29. Green Bay – Kadarius Toney, WR, Florida. The Packers need at wide receiver behind Davante Adams – one that wasn’t made any easier to swallow when they didn’t take one in any of their nine draft picks last season and used their first-rounder on QB Jordan Love, who, if everything works, will never play a down during the length of his rookie contract. A four-year college player, Toney has a polished game that won’t need a lot of refining. He has to prove he can beat press coverage, but he can quickly develop into a No. 2 option that takes some heat away from Adams.
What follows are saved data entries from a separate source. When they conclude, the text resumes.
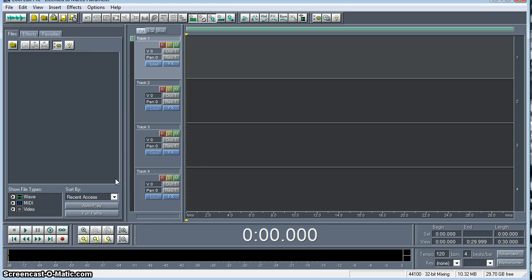Hi, I just wanted to give you a quick run through with CoolEdit here. Today what we're going to be doing is multi-layering tracks to record in a sequence.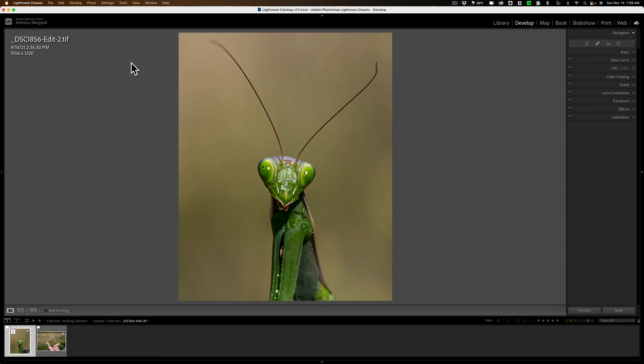Hi everyone, Anthony Morganti here. Recently, Topaz Labs has updated Gigapixel AI to version 5.7.0. In this video, we're going to take a look at what's new in this latest version of Gigapixel AI.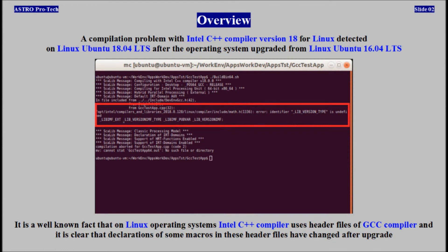A compilation problem with Intel C++ Compiler version 18 for Linux, detected on Linux Ubuntu 18.04, after the operating system was upgraded from Linux Ubuntu 16.04. It is a well-known fact that on Linux operating systems, Intel C++ compiler uses header files of GCC compiler. It is clear that declarations of some macros in these header files have changed.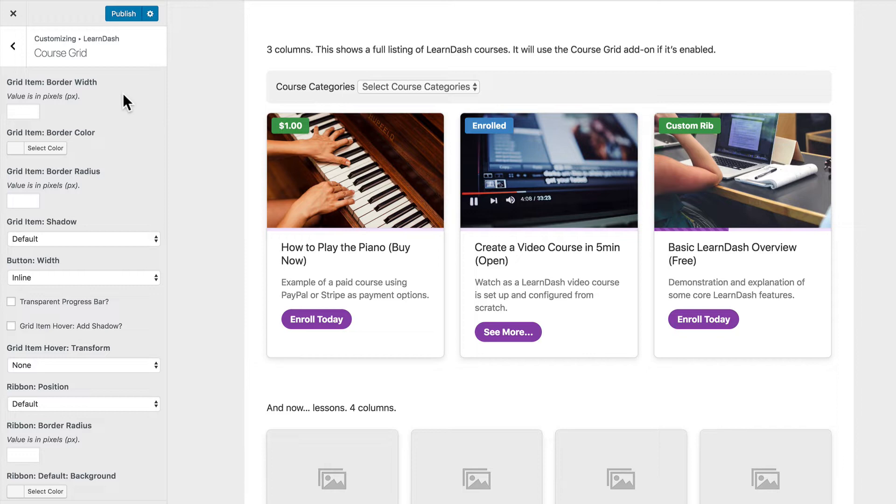But as always, with the Pro version of Design Upgrade Pro plugin for LearnDash, you get to customize everything on your own as well. So let's jump in and take a look at some of these options here.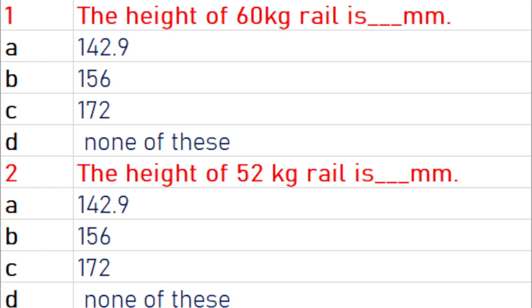The height of 60 kg rail is 172 mm. The height of 52 kg rail is 156 mm.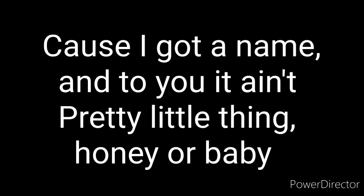Cause I got a name and to you it ain't pretty little thing, hi-yo baby, it's driving me redneck crazy.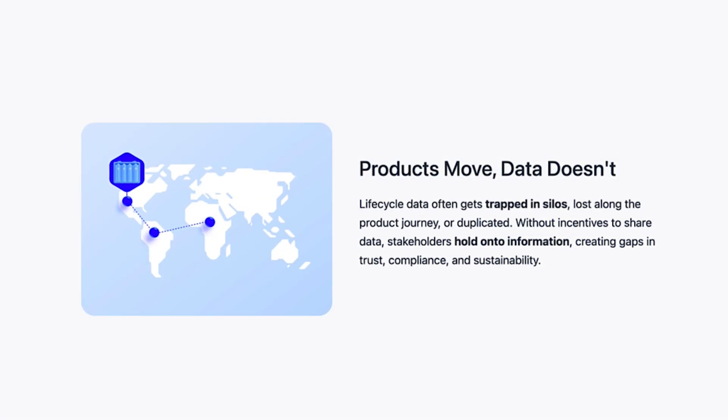The current problem that DPPs are looking to fix is that data is kept in silos. The manufacturer has no obligation to share manufacturing data with the buyer, creating gaps in trust. Even the end customer might want to know how this was manufactured. We've recently seen portable batteries bursting into flames mid-flight. You want to know: can I bring this rechargeable battery on a flight without it exploding?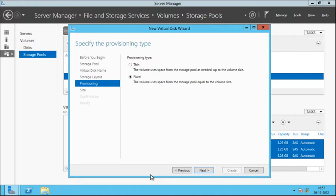With thin provisioning, space is allocated on an as-needed basis, which optimizes the usage of available storage. However, because this enables you to over-allocate storage, you must carefully monitor how much disk space is available. With fixed provisioning, the storage capacity is allocated immediately at the time the virtual disk is created, using space from the storage pool equal to the virtual disk size. With storage spaces you can create both thin and fixed provisioned virtual disks in the same storage pool — for example, a thin provisioned virtual disk to host a database and a fixed provisioned one to host associated log files.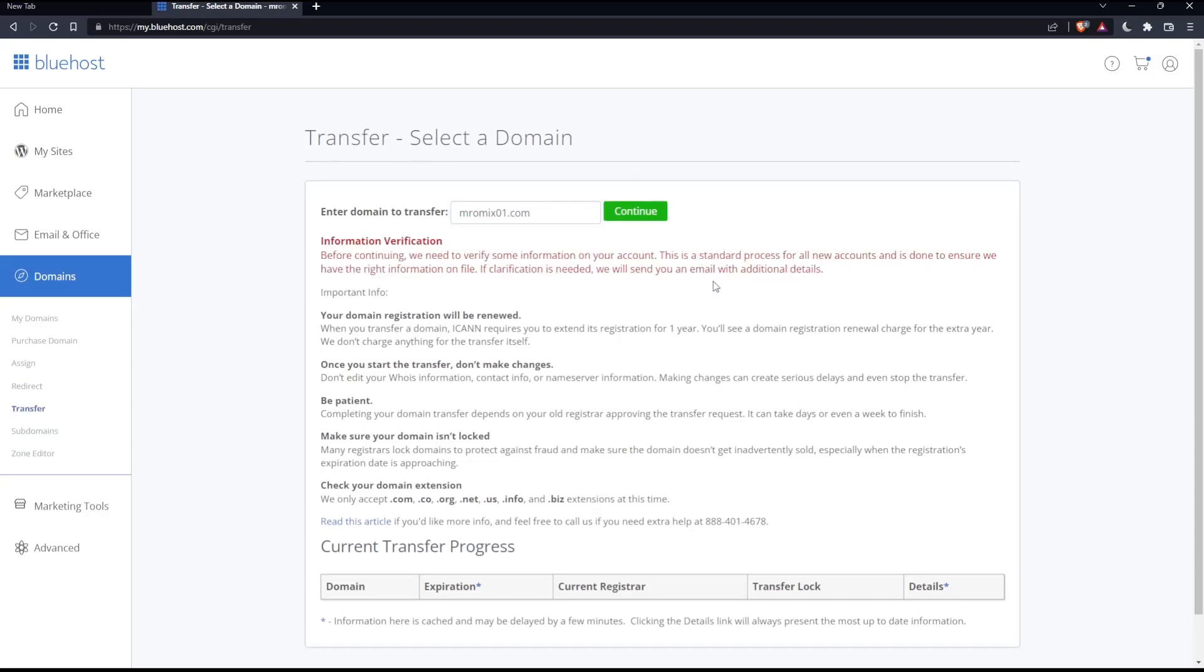They'll ask you where you want to transfer it. Just enter the email of the person or the account that you would like to transfer the domain to, and you'll be good to go.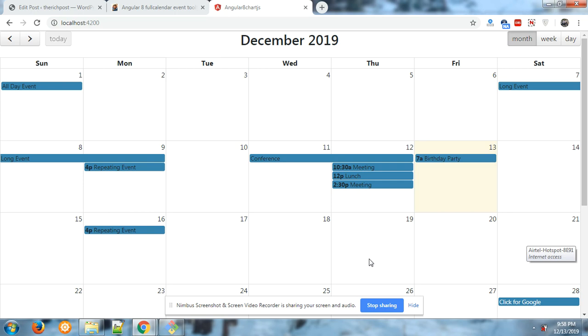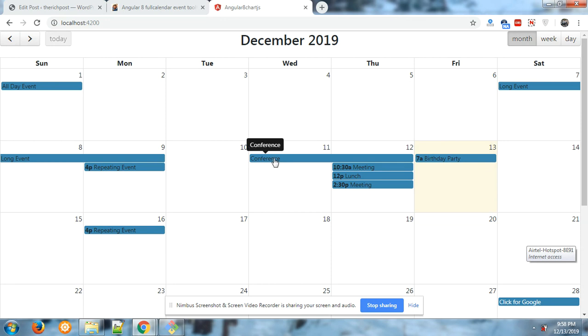Hello all, welcome again to my channel The Rich Boss. Today in this post I will tell you how we can easily implement tooltips on FullCalendar events. Now on my screen you can see a working example. Look, when I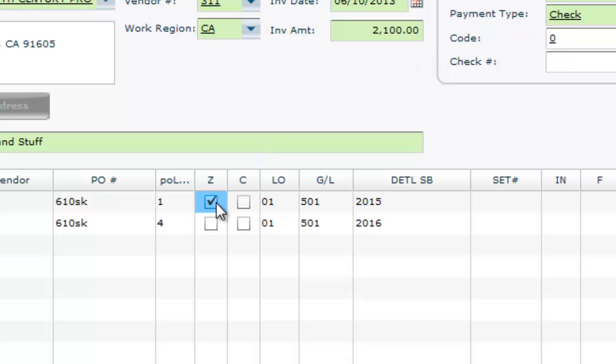If you wish to hide the PO line items from reports, you may want to close it with the C box. This will not change the amount to zero, but simply hide the PO line item from calculating on reports.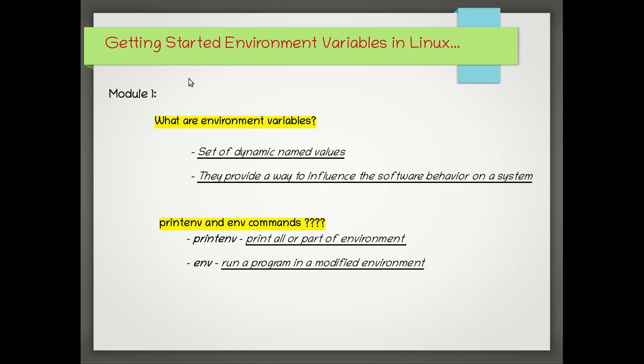Hey guys, welcome to my YouTube channel. Today I'll be speaking on environment variables in Linux. Before that, today's topic I have divided into several modules. In this module I'll be talking about introduction to environment variables.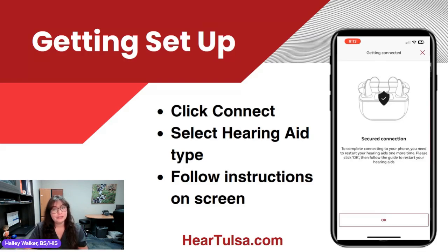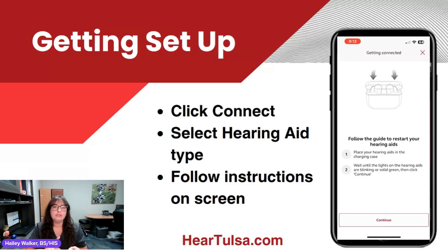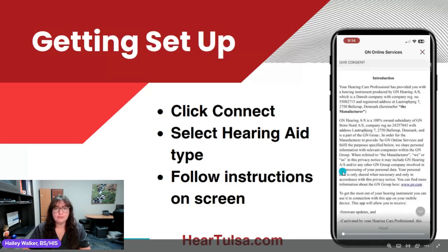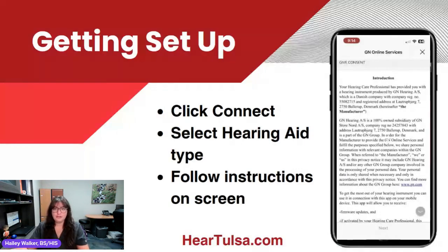Once we go through, it'll have you put them in the charger or replace the battery, just to get that final connection between the hearing aids and the app. After you go through that, it'll prompt you to accept or decline the GN online services. This is where you have the ability to receive the programs and setups from your hearing care professional if they have that option for you.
30. Buffalo – Azeez Ojulari, LB, Georgia. If Travis Etienne is still on the board with this pick, it will be tempting. But, despite bringing Matt Milano back, there is razor thin at the position. Ojulari has a lot of athleticism and can be solid in coverage, run support and as a blitzer. He has run hot and cold at Georgia, but, with the right coaching, could be a star on the horizon. The Bills are a legitimate Super Bowl contender and Ojulari could be a key defensive piece to getting them over the top.


31. Baltimore (from Kansas City) – Teven Jenkins, OT, Oklahoma State. The Ravens come back in the first round to do what they do – fill needs. They took a wide receiver at No. 27 because the two teams behind them both had wide receiver as a pressing need and they didn’t want Bateman to get away. Now they take a tackle to replace Orlando Brown, who was traded to the Chiefs for this pick. For the Ravens offense to run hot as it should, strong offensive line play is necessary. Jenkins helps fill the void by likely moving Ronnie Stanley to left tackle and taking over the right side position.

32. Tampa Bay – Elijah Moore, WR, Ole Miss. Moore is a player on the cusp of the first round that finds himself in a unique position. The Buccaneers are bringing back all 22 of their starters after re-signing 17 of their own players in the offseason and only losing four backups in free agency. The team franchised Chris Godwin and could well lose him after this season – along with a lot of others. Mike Evans is a stud and Moore may not have a huge first season, but could take on a bigger role than it would appear as he becomes Tom Brady’s newest tool in the shed.